Those with no soul must go through a revolution of heart

He smelled really bad.  Like, worse than week-old urine – he smelled like he was dipped in the sewer and then rinsed off with rotten flesh juice.  I didn’t want to speak with him, but he was in detox and it was my job to counsel people in detox, which meant that I had no choice.  Usually, when I meet with someone the first time, he or she usually says something introductory, like “Hello” or “Nice to meet you” or anything, really.  But this dude didn’t.  When I took a seat across from him, he didn’t say anything.  He just stared straight ahead.  His eyes were pure black; there was no life in them.  Yet, they pierced me and left an impression on me that I have yet to shake.

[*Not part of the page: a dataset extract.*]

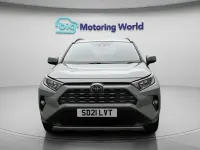 Second-hand Toyota RAV4 Hybrid 218 CP (160 kW) 2021 Verde SUV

While I introduced myself and attempted to make contact with him, he didn’t budge or remove his fixed stare.  When I stood up to leave, however, he finally spoke.  He said, “I have no soul.”

I sat back down.  “Excuse me?”

“I have no soul.  You’re wasting your time.  I don’t feel a damn thing.”

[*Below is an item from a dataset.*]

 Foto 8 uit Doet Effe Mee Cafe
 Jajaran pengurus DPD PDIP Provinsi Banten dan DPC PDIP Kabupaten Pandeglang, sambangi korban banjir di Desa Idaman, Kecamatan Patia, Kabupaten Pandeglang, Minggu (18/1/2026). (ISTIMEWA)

“What, exactly, does that mean?”

“I could live, die, kill or be killed and none of it would make any difference to me.  I use heroin because it keeps the darkness alive for me.  And I want the darkness.  So leave or stay; I don’t care one way or another.”

There was little doubt that he truly meant his words.  I believed that he had no soul.  Over the last few days, I’ve been asked two questions that brought this encounter to mind:

  1. Have I ever encountered “dead eyes?”
  2. What does it take for an addict to snap?

Before I met with the man with no soul, I hadn’t ever even experienced anything as dreadful as the sensory experience he presented.  His stench confirmed, to me, his lack of a soul.  Though he was breathing, there was really no evidence that he was alive.  He found himself in the facility as a matter of course: Someone at the homeless shelter thought he would somehow be served well through addiction treatment.  But whoever was had no clue the depth of his spiritual lack.  His eyes were, in fact, dead.  I’m quite sorry to say that in the years that have followed my meeting with the man with no soul, I have encountered those same dead eyes of his lodged in the heads of many people.  Most of them are either addicted to heroin or to crack.  But really, they all have dead eyes and those dead eyes are symptoms of a person with no soul.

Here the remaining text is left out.